__Exercise goal__: In the reply, give back exactly the lines from the one with "枝にかわいい鳥ロビン フォレストの背景 ヨーロッパのロビンエリサカス" through the last line of the records, without pictures.

Short web captions:
= Beginning of Section =
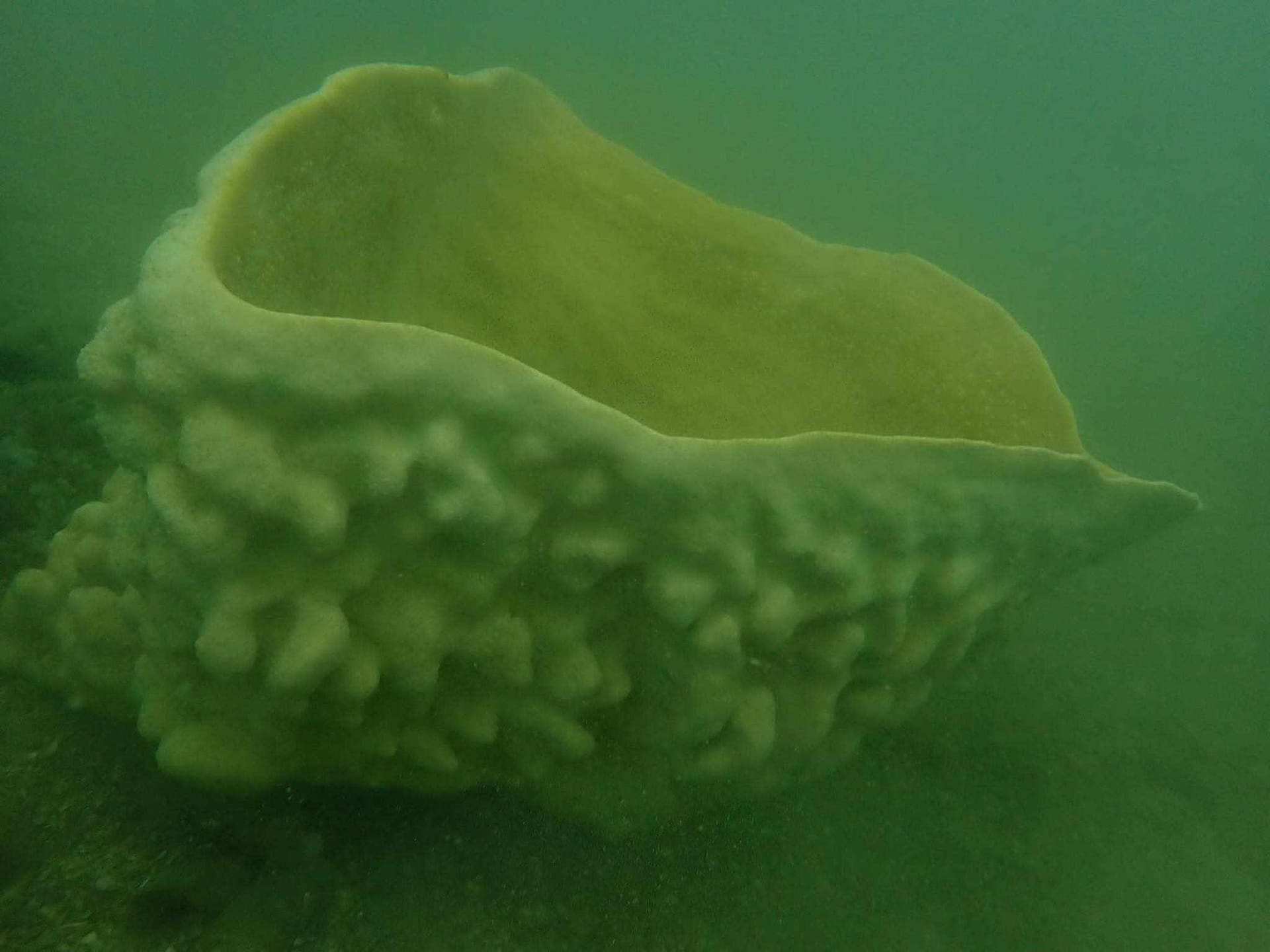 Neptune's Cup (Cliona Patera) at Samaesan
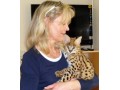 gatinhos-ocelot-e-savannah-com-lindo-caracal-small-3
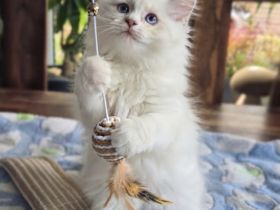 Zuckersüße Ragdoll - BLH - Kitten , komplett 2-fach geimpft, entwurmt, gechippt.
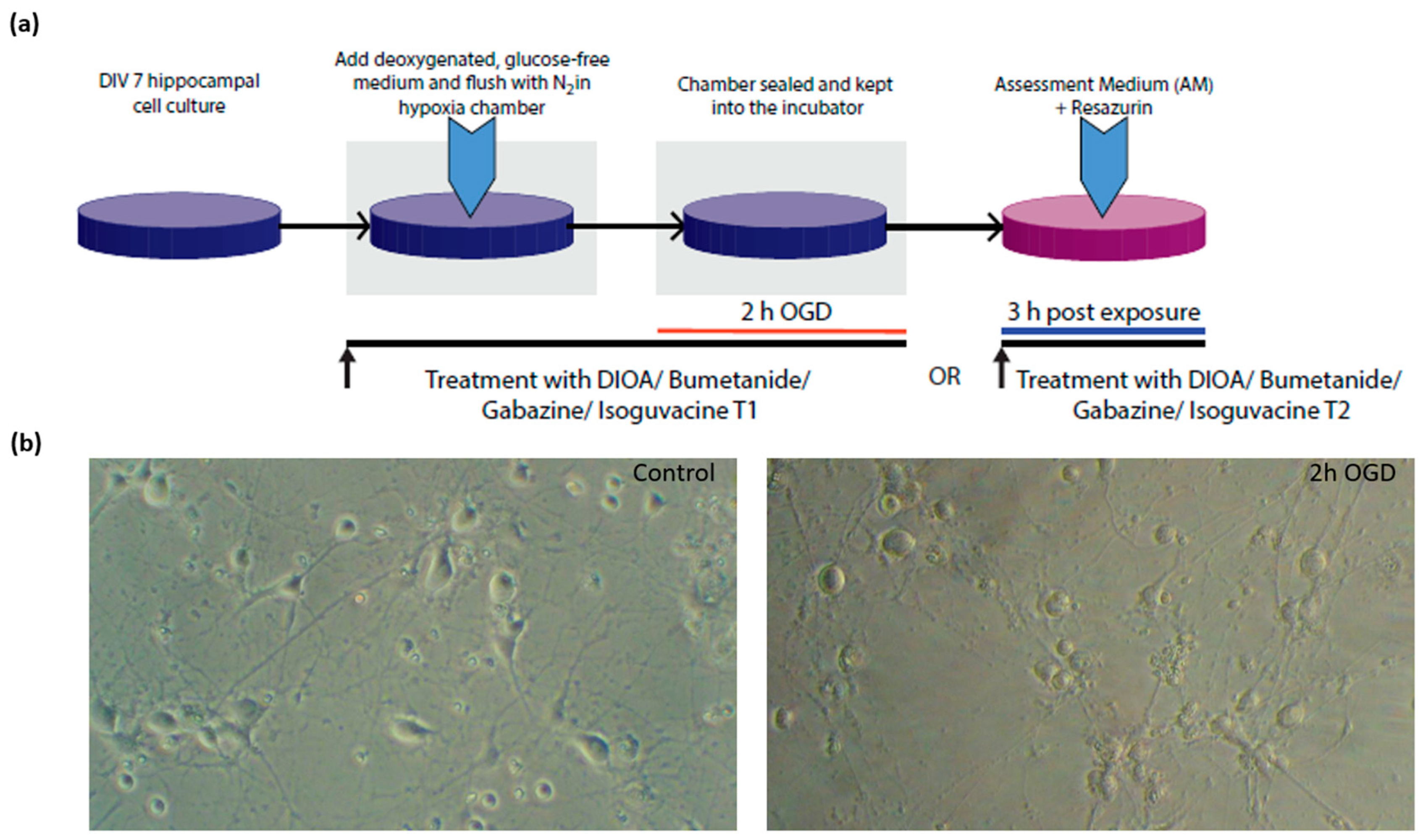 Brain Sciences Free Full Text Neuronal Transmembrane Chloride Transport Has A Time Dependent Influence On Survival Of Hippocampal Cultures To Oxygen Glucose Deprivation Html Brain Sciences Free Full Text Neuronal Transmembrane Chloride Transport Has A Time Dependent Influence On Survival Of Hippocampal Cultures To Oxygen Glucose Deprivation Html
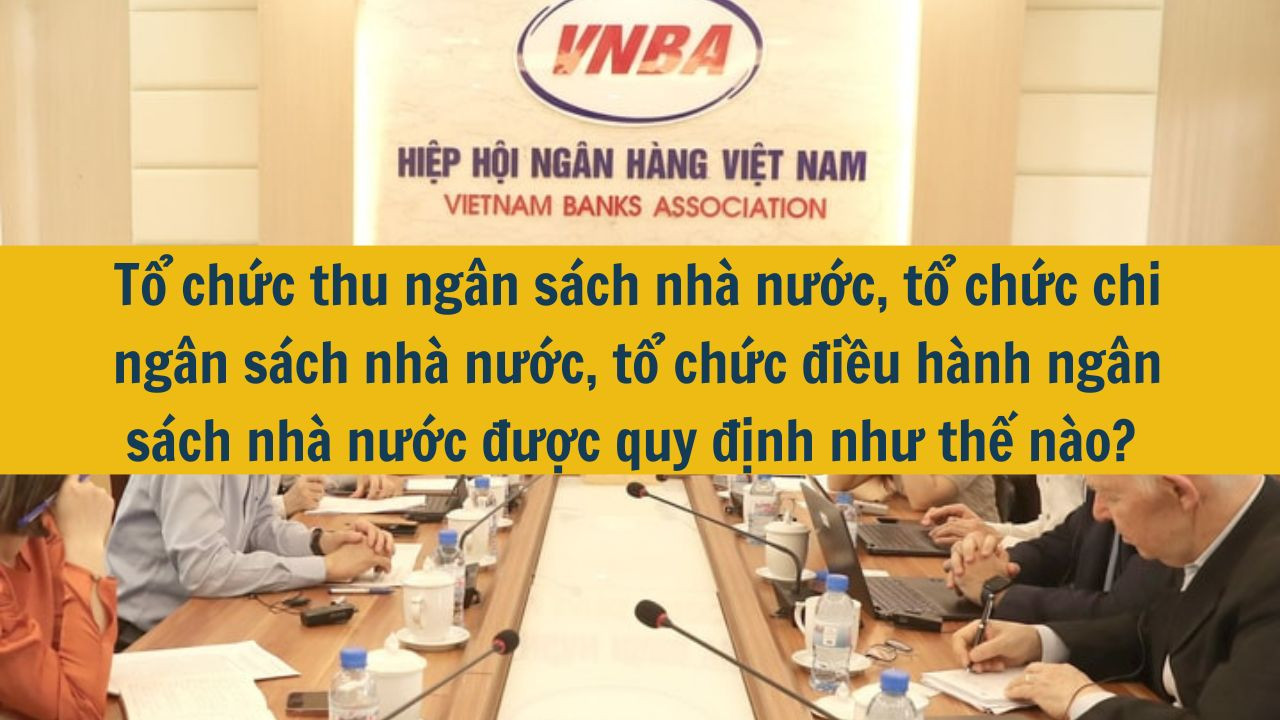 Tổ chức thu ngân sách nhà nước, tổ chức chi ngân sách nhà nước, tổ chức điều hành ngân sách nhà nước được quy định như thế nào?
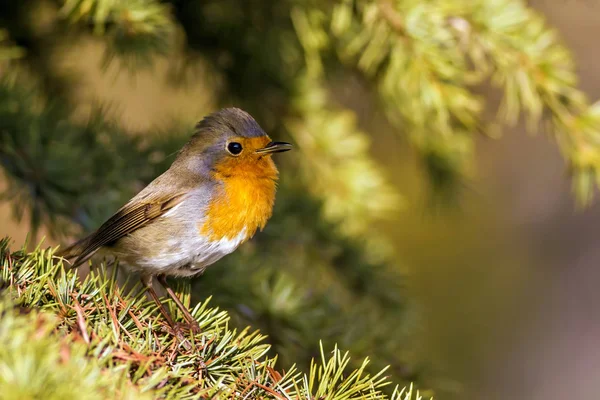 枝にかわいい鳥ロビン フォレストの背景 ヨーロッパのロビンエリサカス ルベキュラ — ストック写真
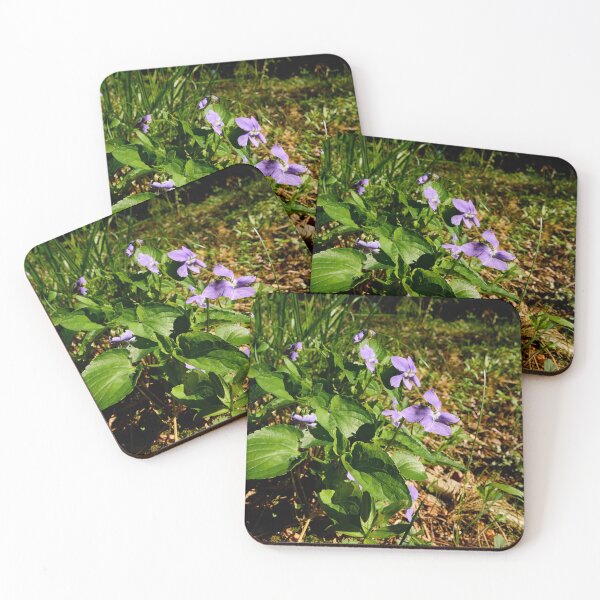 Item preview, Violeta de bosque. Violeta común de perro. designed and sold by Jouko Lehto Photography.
= End of Section =
__Exercise result__:
 枝にかわいい鳥ロビン フォレストの背景 ヨーロッパのロビンエリサカス ルベキュラ — ストック写真
 Item preview, Violeta de bosque. Violeta común de perro. designed and sold by Jouko Lehto Photography.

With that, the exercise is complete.